- Camargo Location within Mississippi Camargo Location within the United States
- Coordinates: 34°04′15.39″N 88°38′55.18″W﻿ / ﻿34.0709417°N 88.6486611°W
- Country: United States
- State: Mississippi
- County: Monroe
- Elevation: 223 ft (68 m)
- GNIS feature ID: 709319

= Camargo, Mississippi =

Camargo is a ghost town in Monroe County, Mississippi, United States. Once a thriving river port, Camargo declined following the completion of a nearby railway.

==History==
Camargo was laid out in 1847, and was named by a veteran of the Mexican–American War, after a war camp near Camargo, Tamaulipas, Mexico. Located on Old Town Creek, it was described as a "flourishing port", with schools, stores, a steamboat landing, a church, post office, cemetery, and Masonic Lodge. The Confederate States Army won a skirmish at Camargo on July 14, 1864.

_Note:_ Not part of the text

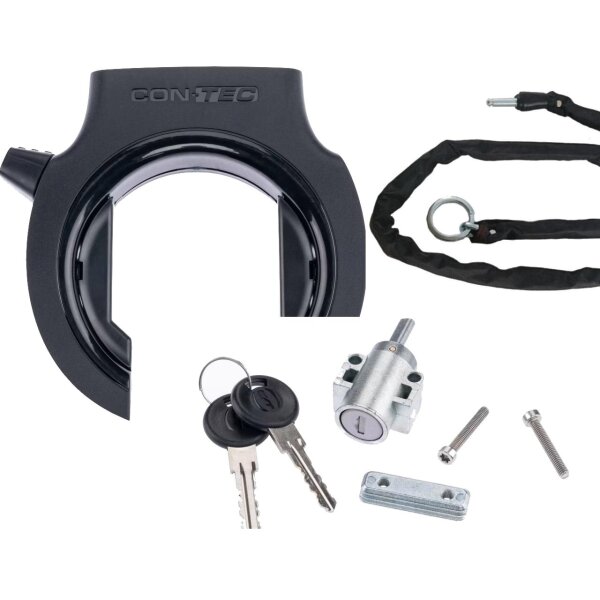 Contec Level 10 Rahmenschloss+BOSCH Akku Schloss+ Steckkette 100x5,5mm Schwarz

The Mobile and Ohio Railroad opened about 4 mi west of Camargo in the late 1840s. A plan to build a railway line from Camargo to the Mobile and Ohio mainline was prepared, and in 1854, the Camargo Branch Railroad Company was established, though the line was never constructed. With the success of the nearby railway, Old Town Creek was neglected and became filled with trees and debris, making it impractical as a transport route. "Under the new conditions of competition the little river ports suffered heavily and tended to dry up", and Camargo was abandoned by the 1870s.